◆ EXERCISE ◆
Take the lines below between the one holding "Hooded Faux Fur" and the one holding "Lori Bellman speaking", inclusive, and copy them exactly. Add nothing.

== RECORD SET

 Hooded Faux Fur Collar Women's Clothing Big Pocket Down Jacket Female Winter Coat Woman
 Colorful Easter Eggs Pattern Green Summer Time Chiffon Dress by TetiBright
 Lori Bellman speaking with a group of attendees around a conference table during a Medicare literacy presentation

====
== RECORD SET

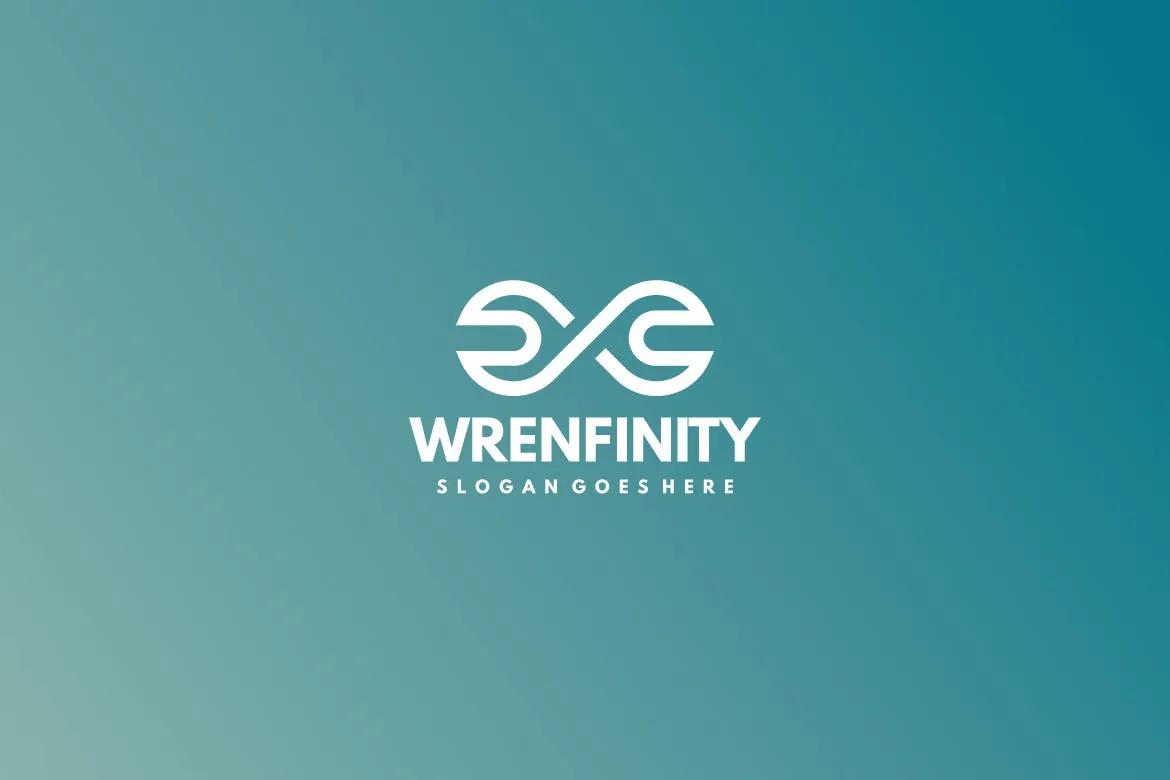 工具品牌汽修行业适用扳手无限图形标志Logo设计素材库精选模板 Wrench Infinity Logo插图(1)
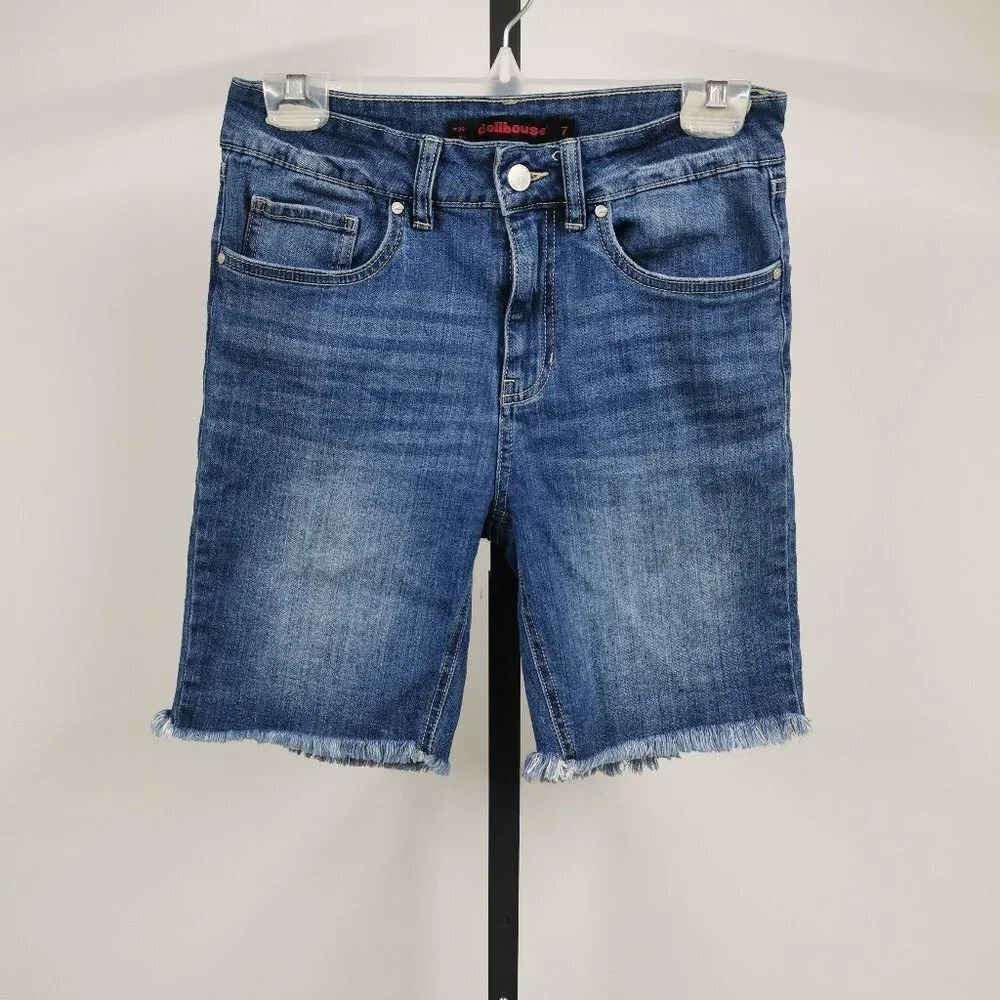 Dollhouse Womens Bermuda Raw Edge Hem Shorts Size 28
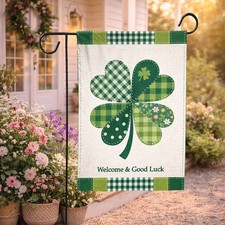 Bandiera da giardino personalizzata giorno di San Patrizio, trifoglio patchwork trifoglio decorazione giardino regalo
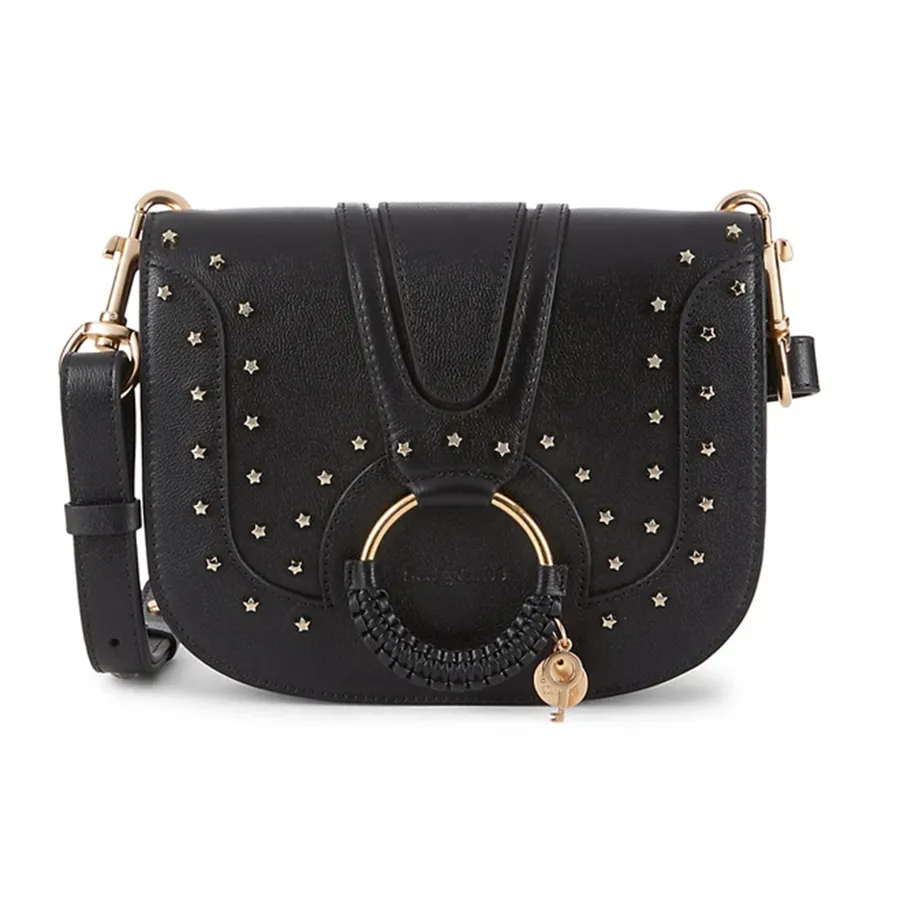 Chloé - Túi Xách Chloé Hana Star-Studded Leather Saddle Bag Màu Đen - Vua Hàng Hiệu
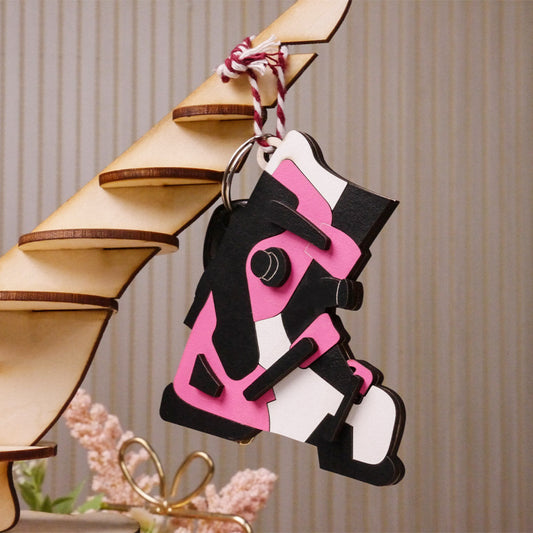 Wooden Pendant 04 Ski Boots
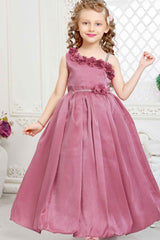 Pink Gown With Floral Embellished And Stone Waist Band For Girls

====

◆ RESPONSE TO THE TASK ◆
 Hooded Faux Fur Collar Women's Clothing Big Pocket Down Jacket Female Winter Coat Woman
 Colorful Easter Eggs Pattern Green Summer Time Chiffon Dress by TetiBright
 Lori Bellman speaking with a group of attendees around a conference table during a Medicare literacy presentation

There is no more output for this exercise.